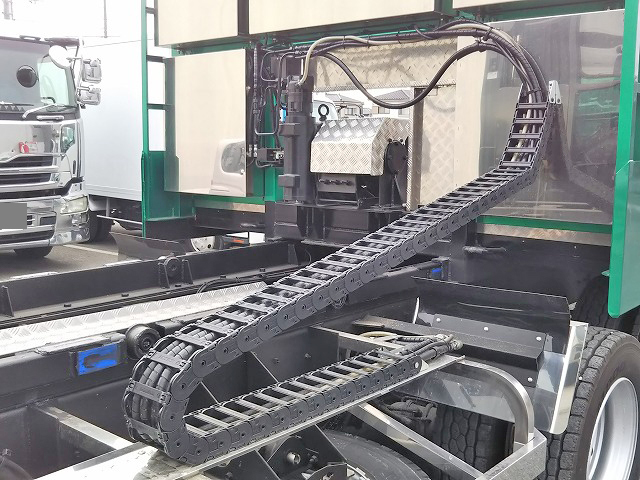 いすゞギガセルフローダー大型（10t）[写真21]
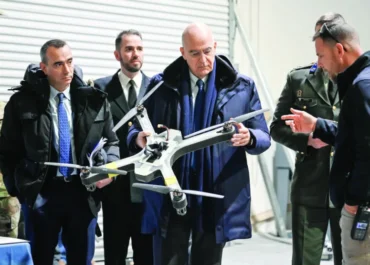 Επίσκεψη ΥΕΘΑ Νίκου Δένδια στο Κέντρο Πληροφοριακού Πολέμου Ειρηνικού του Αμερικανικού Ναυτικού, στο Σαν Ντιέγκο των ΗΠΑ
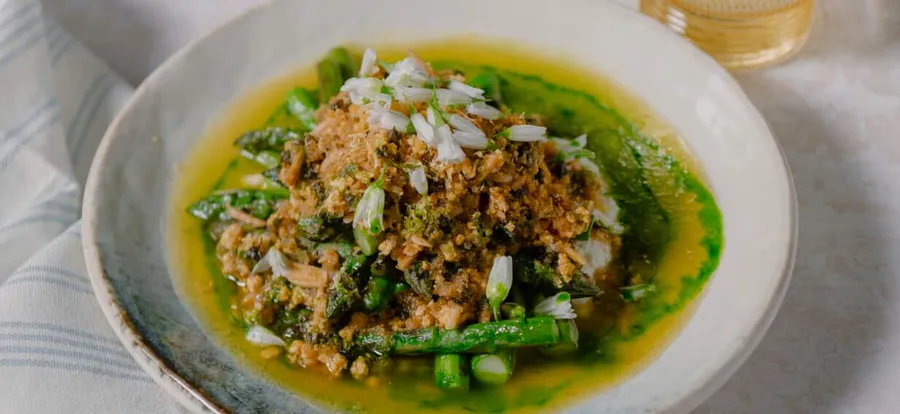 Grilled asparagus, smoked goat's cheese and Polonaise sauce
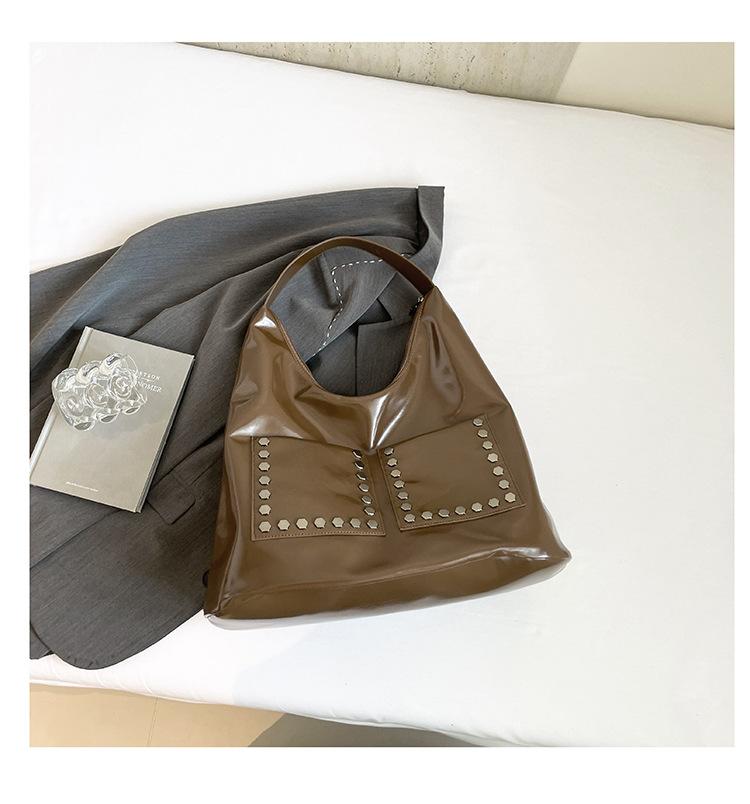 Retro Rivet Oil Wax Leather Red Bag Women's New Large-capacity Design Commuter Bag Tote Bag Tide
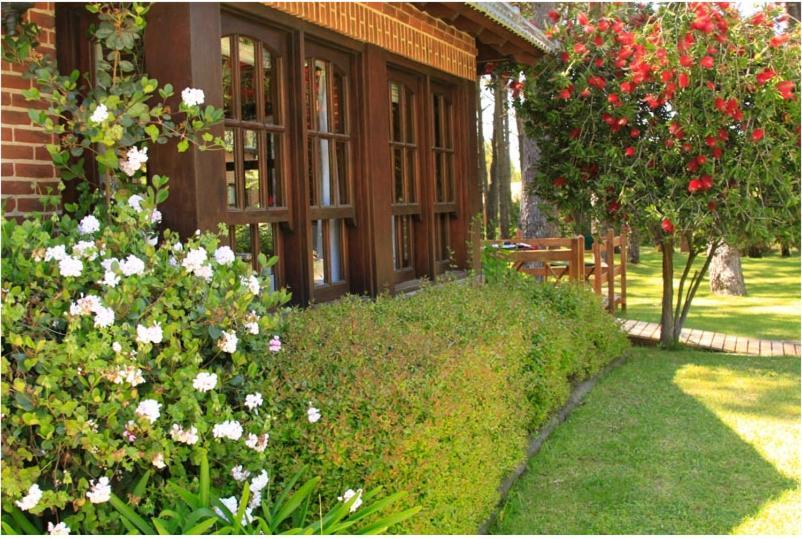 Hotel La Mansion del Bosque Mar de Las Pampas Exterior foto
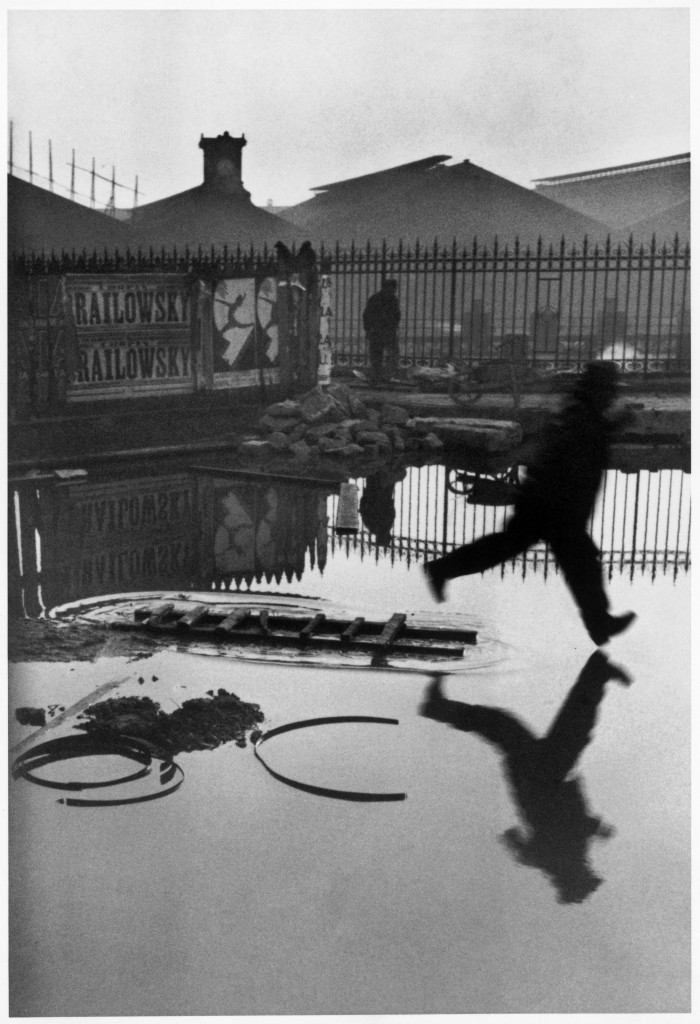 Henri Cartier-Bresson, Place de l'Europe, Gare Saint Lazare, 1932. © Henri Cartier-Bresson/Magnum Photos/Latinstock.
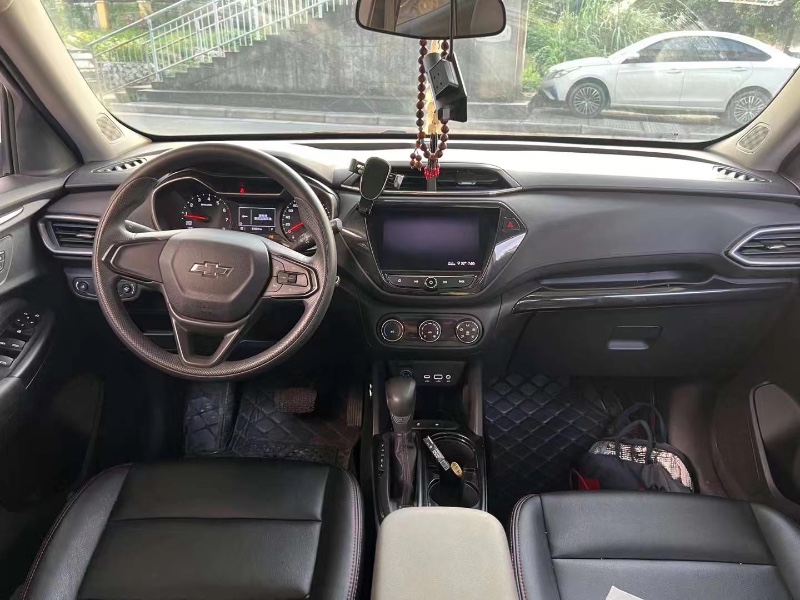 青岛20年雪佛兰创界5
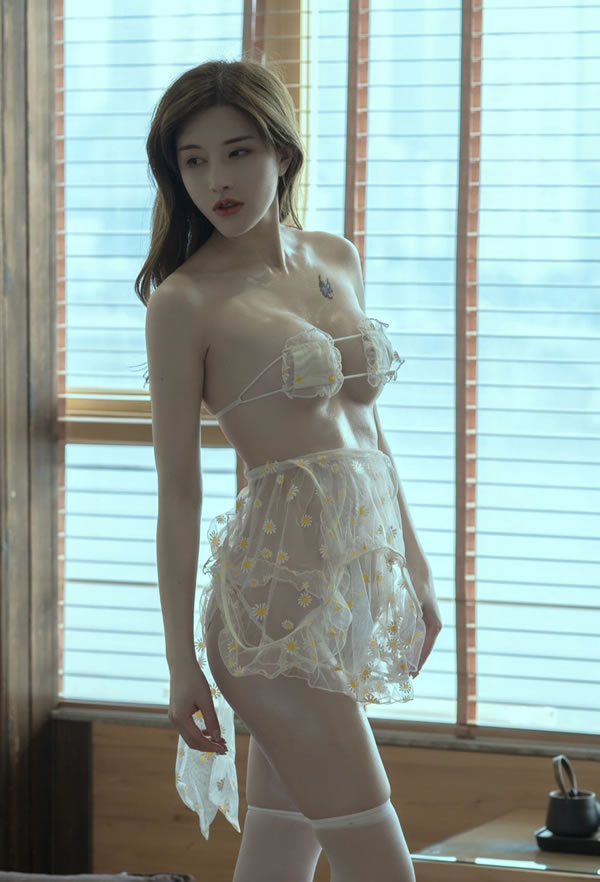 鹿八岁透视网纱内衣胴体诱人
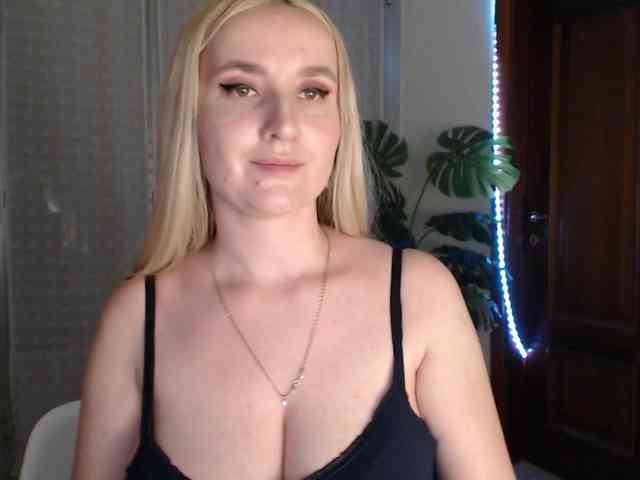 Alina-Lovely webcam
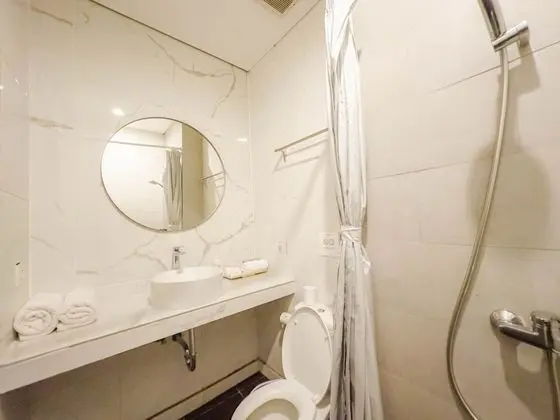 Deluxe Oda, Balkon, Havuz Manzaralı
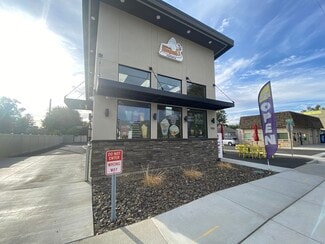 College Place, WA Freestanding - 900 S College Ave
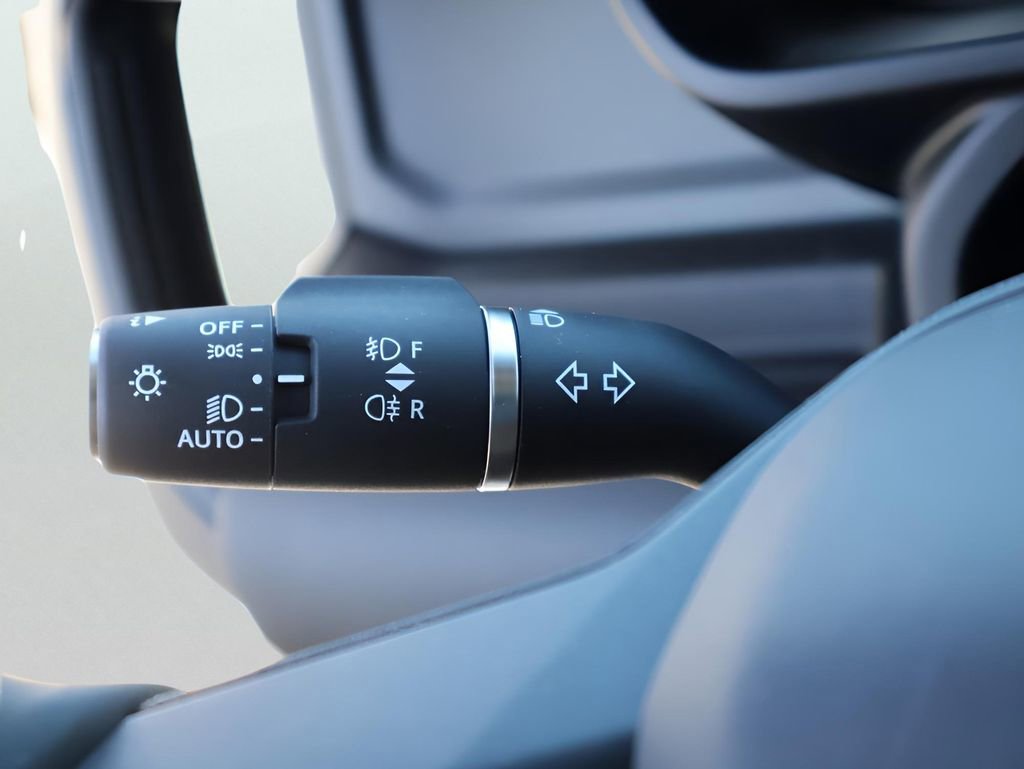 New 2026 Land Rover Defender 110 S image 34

◆ ◆ ◆

Repeat each entry above exactly. Omit the pictures.

Output:
 いすゞギガセルフローダー大型（10t）[写真21]
 Επίσκεψη ΥΕΘΑ Νίκου Δένδια στο Κέντρο Πληροφοριακού Πολέμου Ειρηνικού του Αμερικανικού Ναυτικού, στο Σαν Ντιέγκο των ΗΠΑ
 Grilled asparagus, smoked goat's cheese and Polonaise sauce
 Retro Rivet Oil Wax Leather Red Bag Women's New Large-capacity Design Commuter Bag Tote Bag Tide
 Hotel La Mansion del Bosque Mar de Las Pampas Exterior foto
 Henri Cartier-Bresson, Place de l'Europe, Gare Saint Lazare, 1932. © Henri Cartier-Bresson/Magnum Photos/Latinstock.
 青岛20年雪佛兰创界5
 鹿八岁透视网纱内衣胴体诱人
 Alina-Lovely webcam
 Deluxe Oda, Balkon, Havuz Manzaralı
 College Place, WA Freestanding - 900 S College Ave
 New 2026 Land Rover Defender 110 S image 34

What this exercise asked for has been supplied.